Die Heidelberger Leben beziehungsweise die Muttergesellschaft Cinven möchte 25 Millionen Euro in die Technik der neuen Plattform investieren. Cinven ist ein Private-Equity-Haus aus Großbritannien und verfügt dort schon über eine Konsolidierungsplattform namens Guardian. Die Briten haben diese vor drei Jahren gekauft und das verwaltete Vermögen durch Zukäufe seit November 2011 von 8 auf aktuell 13 Milliarden Pfund (etwa 16 Milliarden Euro) gesteigert.
In Großbritannien etablierter
Obwohl die Bestandsverwaltung von Lebensversicherungen in Großbritannien weitaus etablierter ist als in Deutschland, scheint es hierzulande voranzugehen. „Wir hatten schon einige Anfragen“, sagt Vertriebsvorstand Klein.

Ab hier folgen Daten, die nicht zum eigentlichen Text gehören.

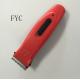 Red Home Rechargeable Hair Clippers , Professional Rechargeable Hair Trimmer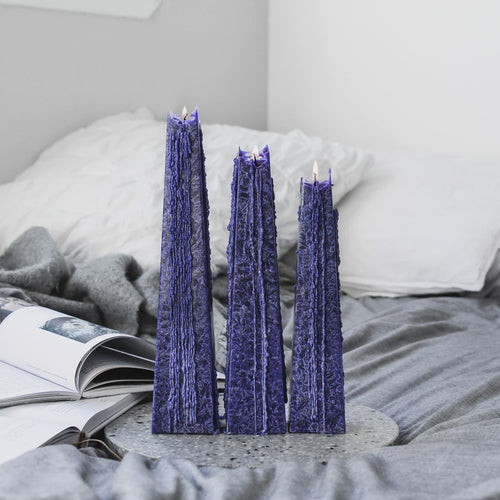 Night Bloom Icicle Candles
by Living Light Candles
Subtle yet complex, this mysterious and romantic bouquet will simply transport you to another world.
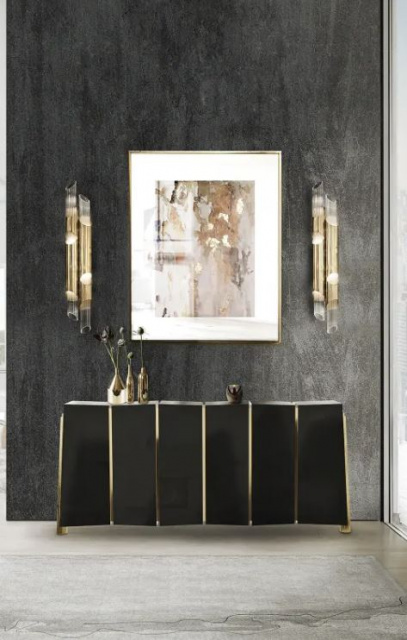 Итальянский сервант DARIAN SIDEBOARD от LUXXU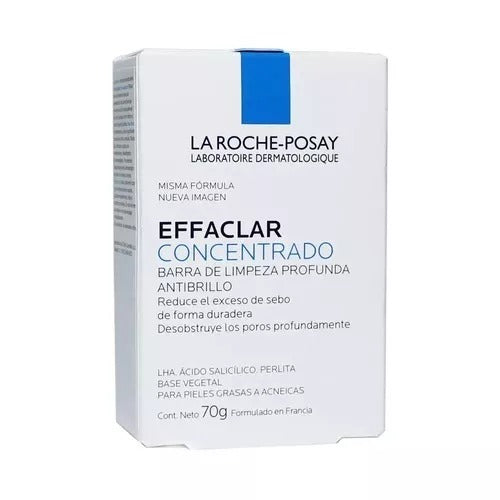 EFFACLAR BARRA CONCENTRADO 80 GR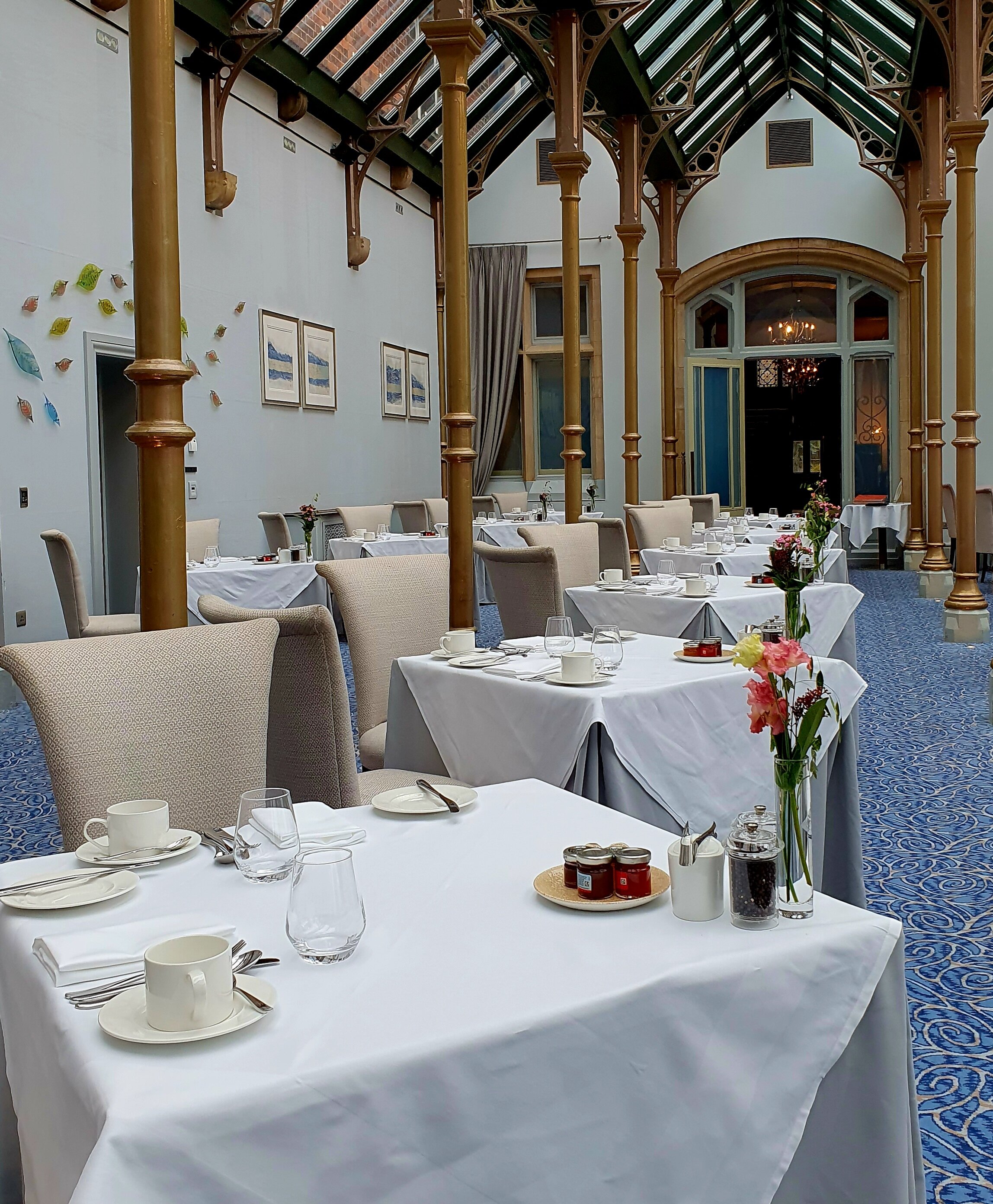Rockliffe Hall-餐饮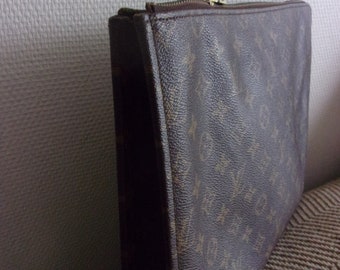 Vintage LOUIS VUITTON documenthouder, lederen documenthouder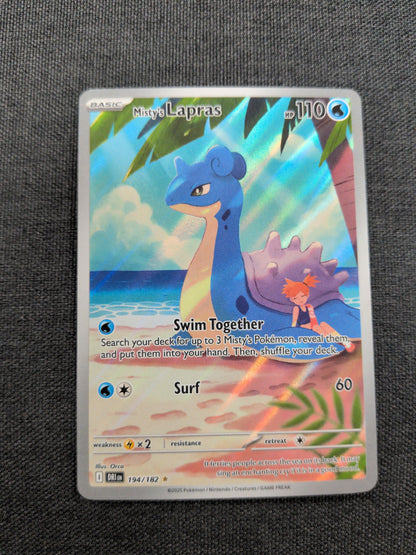 (DRI) Misty's Lapras #194 LP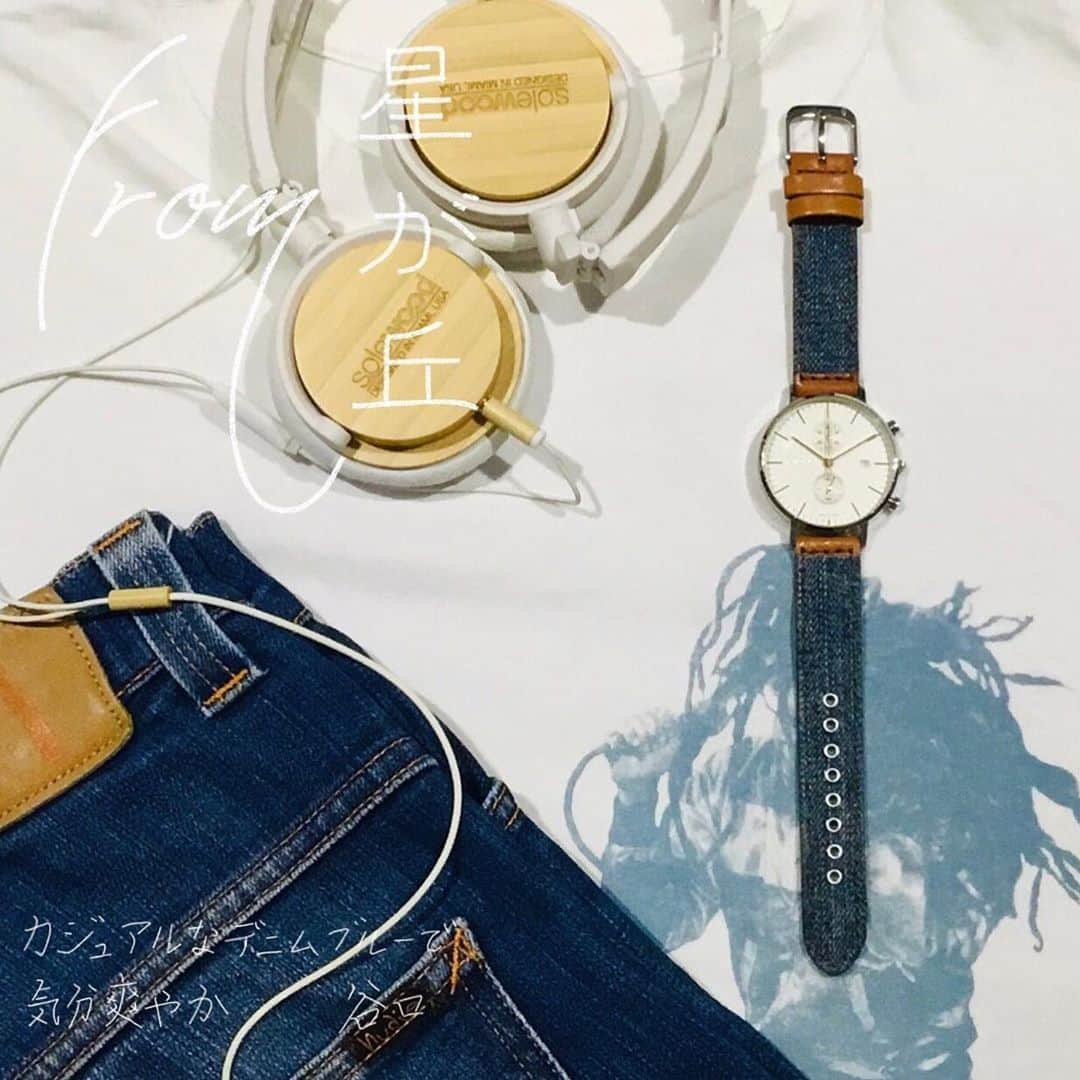 Maker's Watch Knot SGさんのインスタグラム写真 - (Maker's Watch Knot SGInstagram)「Our chronograph model with Kaihara denim strap for casual outing   #knotsg #makerswatchknot #madeinjapan #casualwatch #kaiharadenim #watchrobe」10月8日 15時21分 - knot_singapore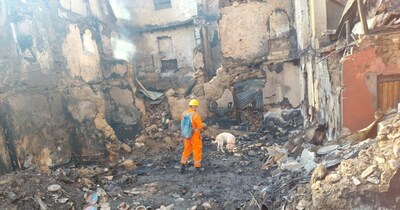 हिमाचल प्रदेश के सोलन जिले के अर्की में हुए भीषण अग्निकांड में अब तक 10 लोगों के अवशेष मिल चुके हैं. 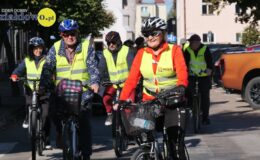 Jesienny Rajd Rowerowy z dużą frekwencją i przy pięknej pogodzie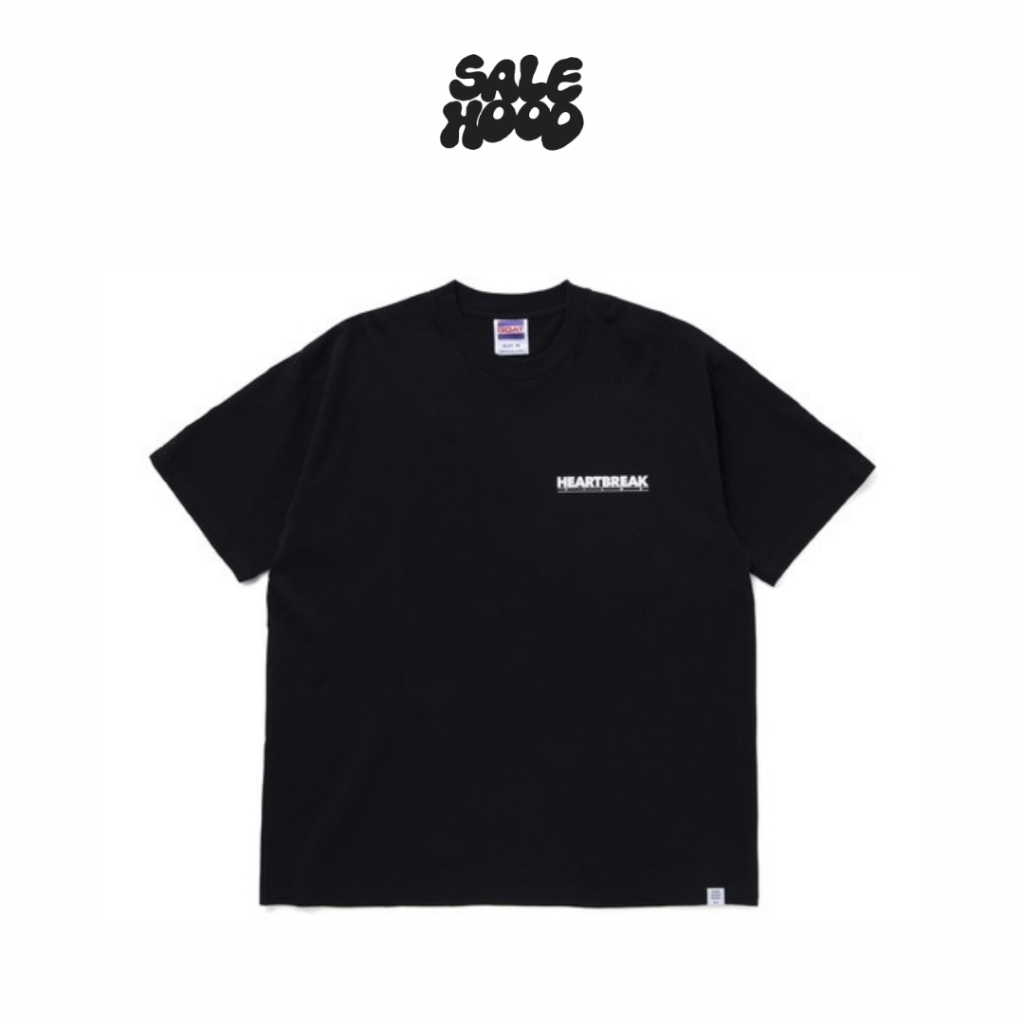 Kaos T-Shirt BEDWIN AND THE HEARTBREAKERS S/S Print T "Harvey" Black - BDWSS24-HRV-10-S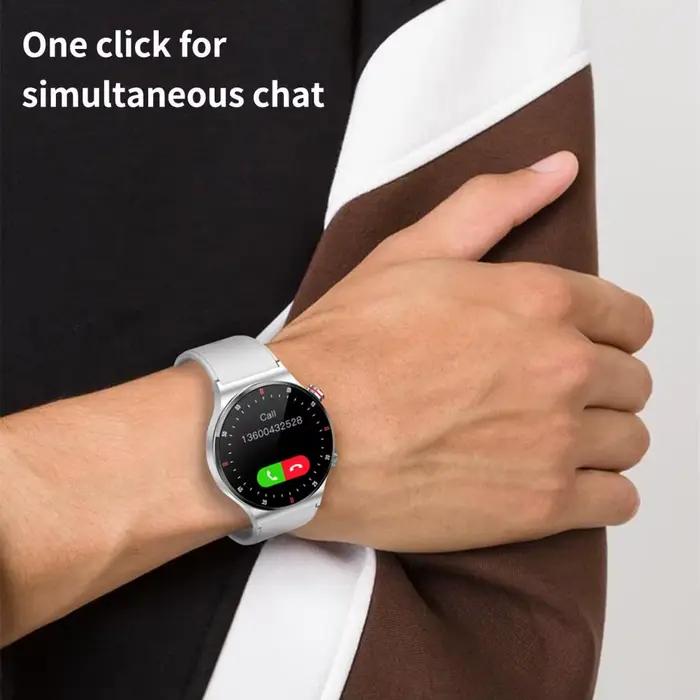 Montre intelligente surveillance de la santé multifonctionnelle IP67 étanche Bluetooth appel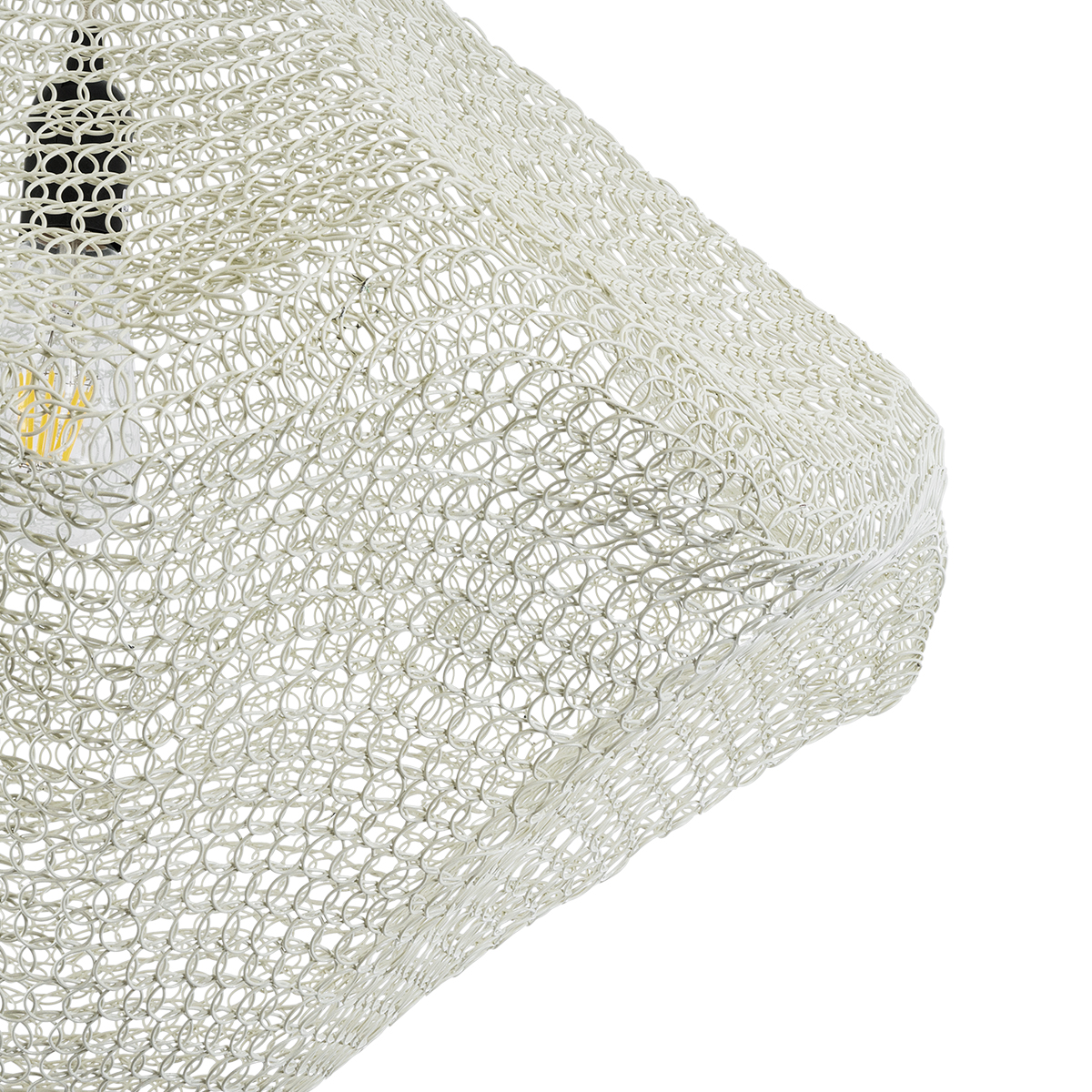 GLOBOSTAR® KENTUCKY 01865 Vintage Κρεμαστό Φωτιστικό Οροφής με Ντουί 1 x E27 AC 220-240V IP20 - Μπεζ - Μ60 x Π60 x Υ50cm 10 GLOBOSTAR® KENTUCKY 01865 Vintage Κρεμαστό Φωτιστικό Οροφής με Ντουί 1 x E27 AC 220-240V IP20 - Μπεζ - Μ60 x Π60 x Υ50cm - Image 8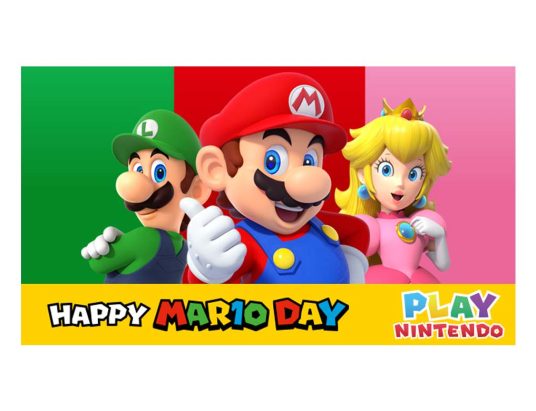 Happy Mario Day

Und schließlich sucht etwa die Protektor Lebensversicherung auch noch nach einem Käufer für ihre 130.000 Verträge im Bestand. Bisher war sie damit nicht sonderlich erfolgreich.
Wäre das nicht ein bestens geeigneter erster Kandidat für die neue Bestandsverwaltungsplattform der Heidelberger Leben? Klein: „Wir äußern uns grundsätzlich nicht über mögliche konkrete Akquisitionsziele.“ Nun denn, dann heißt es also abwarten. Es bleibt spannend.